The gameplay of “Saints Row IV” is similar to “Saints Row: The Third” by having an “open world” where anything goes, which allows the player to explore the boundaries of the game’s world. The player can acquire superpowers, which make vanquishing enemies very easy. Though the game may not offer a challenge, it keeps players entertained with different challenges, side missions and activities, like a murderous game show that requires telekinetic skills to score points.
The player is free to roam the simulated city of Steelport, where “Saints Row: The Third” took place. Almost everything about the character is customizable. This is where the game shines. There is the ability to customize the main character to the smallest detail. The varieties of clothing options are wacky and amusing. The character can be dressed-up as a crossdresser, “gimp” or go completely nude. Other aspects of the game are customizable too, like weapons, cars and the gang. The options are surreal and fit best to whatever the player prefers.

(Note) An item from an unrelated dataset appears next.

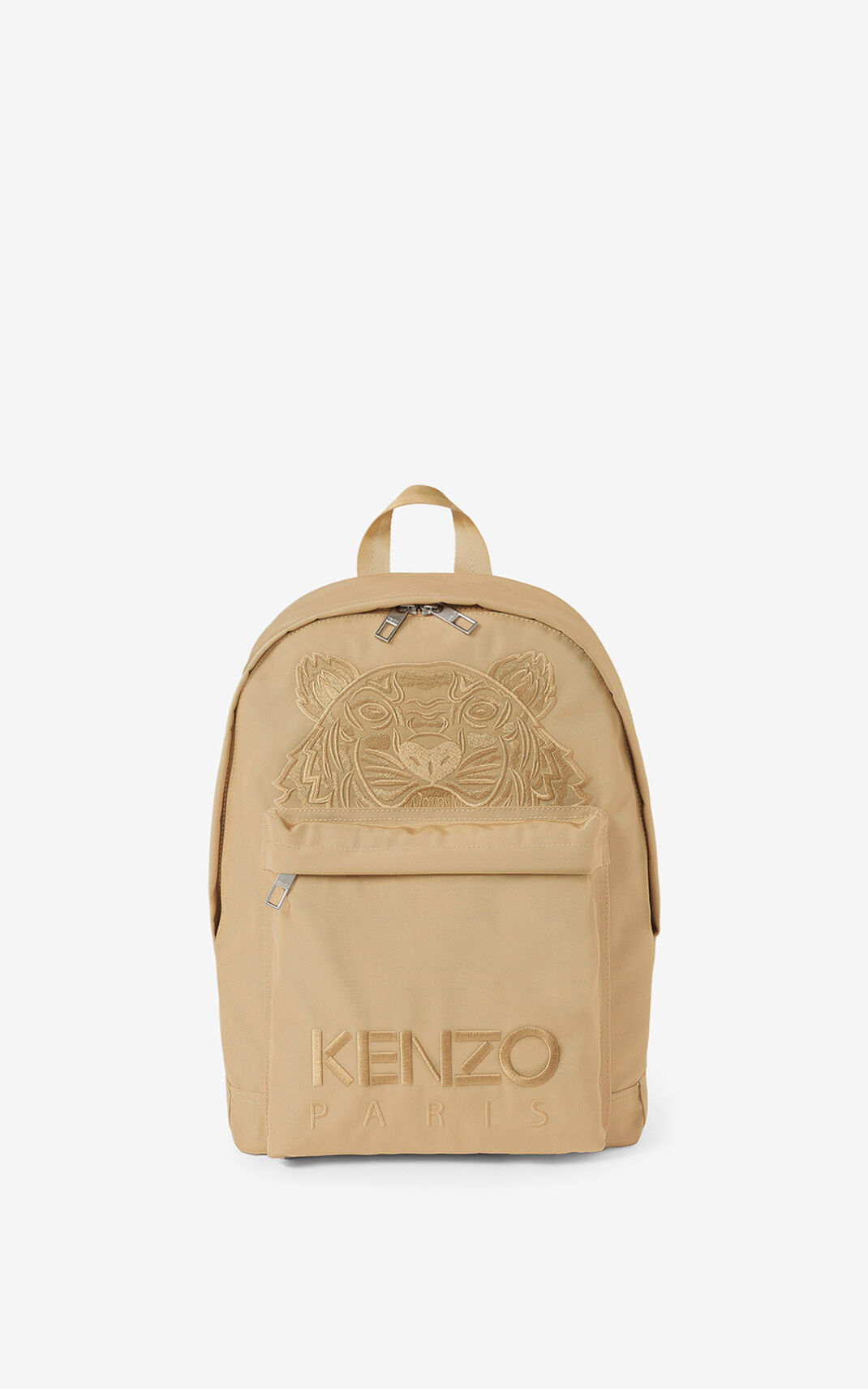 Sac À Dos Kenzo Toile Kampus Tiger Femme Beige | JKEG-78421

The dialogue of the game is not the best, but it is enough to make people laugh at the references to pop culture, movies and other video games. The characters have their own strengths and weaknesses, but their interactions aren’t enough to build their identities in the game.
While “Saints Row IV” is surely no challenge, the game provides endless hours of fun. The customization gives many options; the gameplay may be easy, but it is not boring, and the dialogue gives many laughs for its quirky style. “Saints Row IV” may be zany, but it sure is entertaining.